1. Mike Iupati – Signed with Arizona
2014 Grade: +11.2
2014 Snaps: 970
Few guards in the league can match Iupati’s sheer physical dominance in the running game, let alone any available as a free agent next month. Only once since he entered the league in 2010 has he finished the season outside our top five in our run blocking grades, finishing second to Evan Mathis and Marshal Yanda in 2012 and 2014 respectively.
The question mark for Iupati however, and what may serve to limit his appeal, is his work in pass protection. Since he entered the league he has never been better than an average pass protecting guard and in the last couple of seasons has even fallen away from that. His run blocking is as good as you’ll find in the league, but in a widely pass first league Iupati may be overlooked in favor of more assured pass protectors.
2. Orlando Franklin – Signed with San Diego
2014 Grade: +15.4
2014 Snaps: 1,195
Whether at guard or tackle Franklin will be a highly sought after free agent when the new league year rolls around. After an inconsistent start to the 2014 season at guard Franklin came alive after the defeat to the Rams in Week 11. With an increased focus on the ground game from that point on Franklin displayed a consistency as a run blocker that we rarely saw from him at tackle.
Whether at guard or tackle, Franklin has produced as a run blocker and pass protector in the three years since his 2011 debut. With versatility and an all round game there is even an argument to be made that Franklin is the most valuable free agent offensive lineman available this off-season.
3. Clint Boling – Re-signed with Cincinnati
2014 Grade: +4.1
2014 Snaps: 1,012
A key cog in the Bengals’ offensive line since his sophomore season in 2012, Boling turned in his best season as a run blocker this season though his pass protection failed to match his first two seasons as a starter. From their impressive Week 11 victory in New Orleans, Boling earned a run block grade of +1.5 or higher in five out of six games. Prior to that he had only earned a single game run block grade that high twice in his career.
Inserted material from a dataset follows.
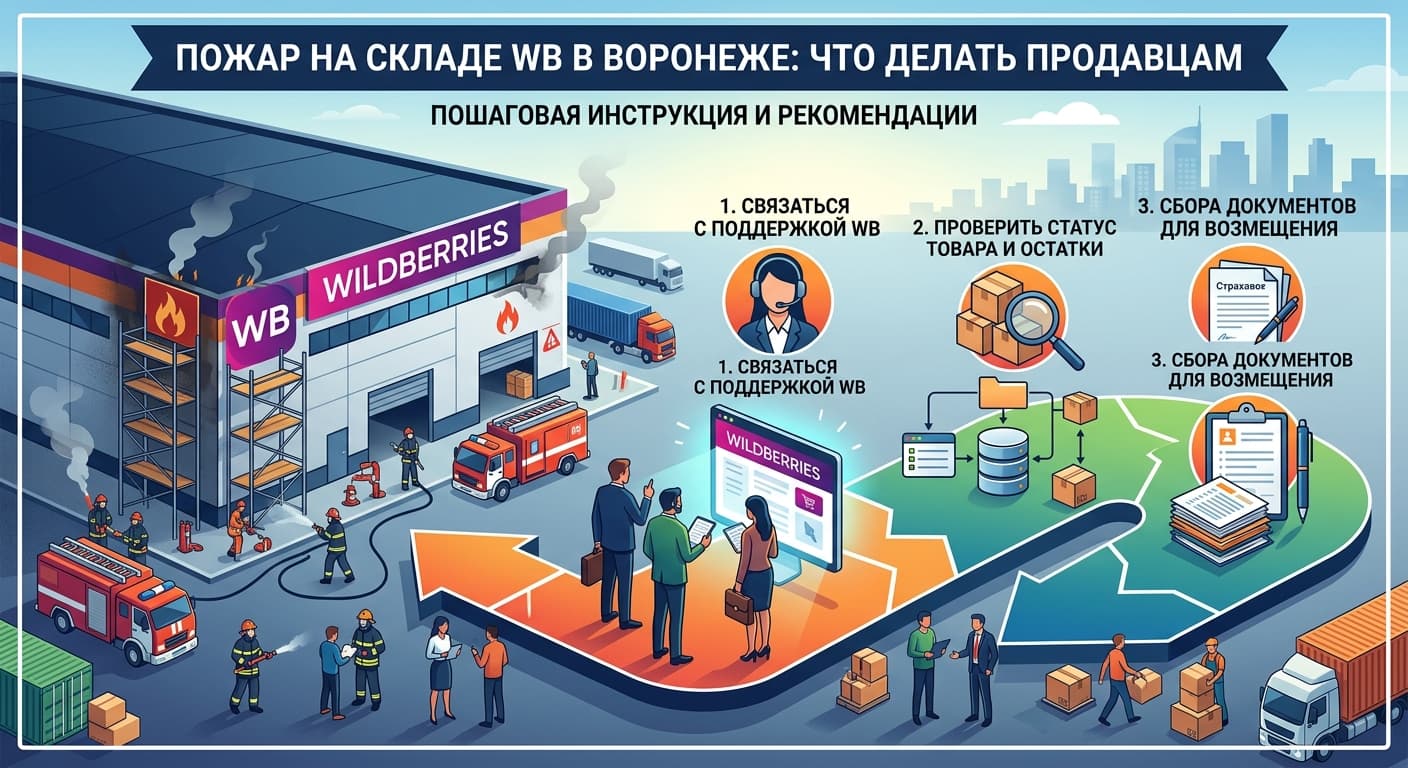 Пожар на складе WB в Воронеже: что делать продавцам прямо сейчас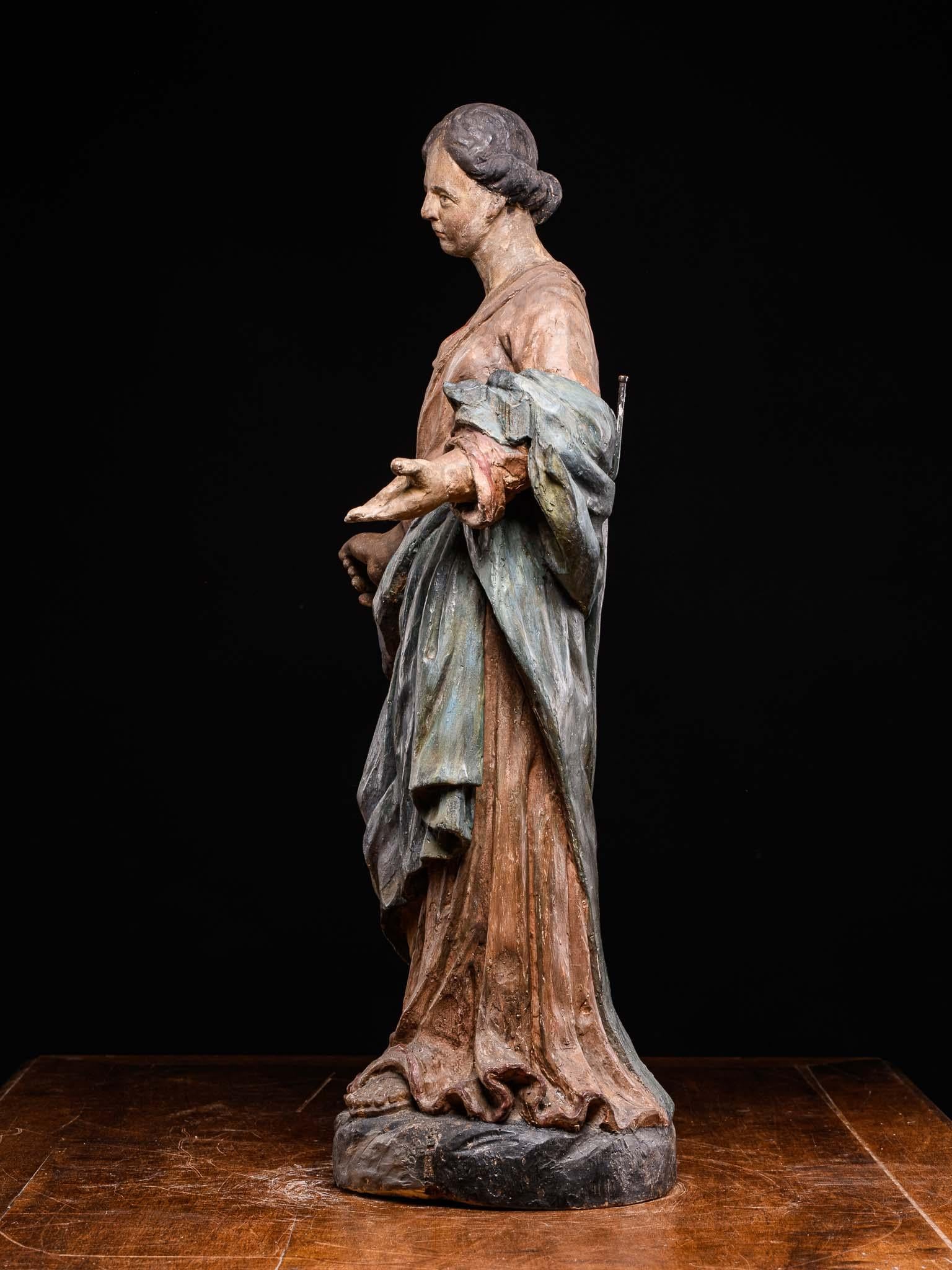 Belgian 17th C Polychromed Fruitwood Carved Statue Depicting Madonna, France For Sale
If Boling can pair that run blocking form with his pass protection from 2012 and 2013 then Boling will be a guard on the rise over his next contract. However, if he moves away from Cincinnati and the Bengals quick release offense then his pass protection will come under greater scrutiny.
4. James Carpenter – Signed with New York Jets
2014 Grade: -12.0
2014 Snaps: 1,028
A first rounder in 2011 Carpenter has struggled in the NFL at both tackle and guard, struggling in pass protection as a rookie at right tackle and surprisingly struggling to impose himself as a run blocker since he moved inside to guard in 2012.
The last two seasons Carpenter has at least earned (marginally) positive grades as a pass protector for Russell Wilson. The team giving Carpenter his next contract will be eager to see more from him as a run blocker as he's only earned a run block grade of +1.0 or above in two starts over three seasons at left guard.
5. Rob Sims
2014 Grade: -0.6
2014 Snaps: 1,182
Time may be catching up with Sims, but even in to his thirties he's still been a safe pair of hands at left guard for the Lions the last two seasons. In 2013 his run blocking fell away markedly, but his final five starts this season (+4.5), including the playoff defeat in Dallas, proved that Sims can still create running lanes on the inside.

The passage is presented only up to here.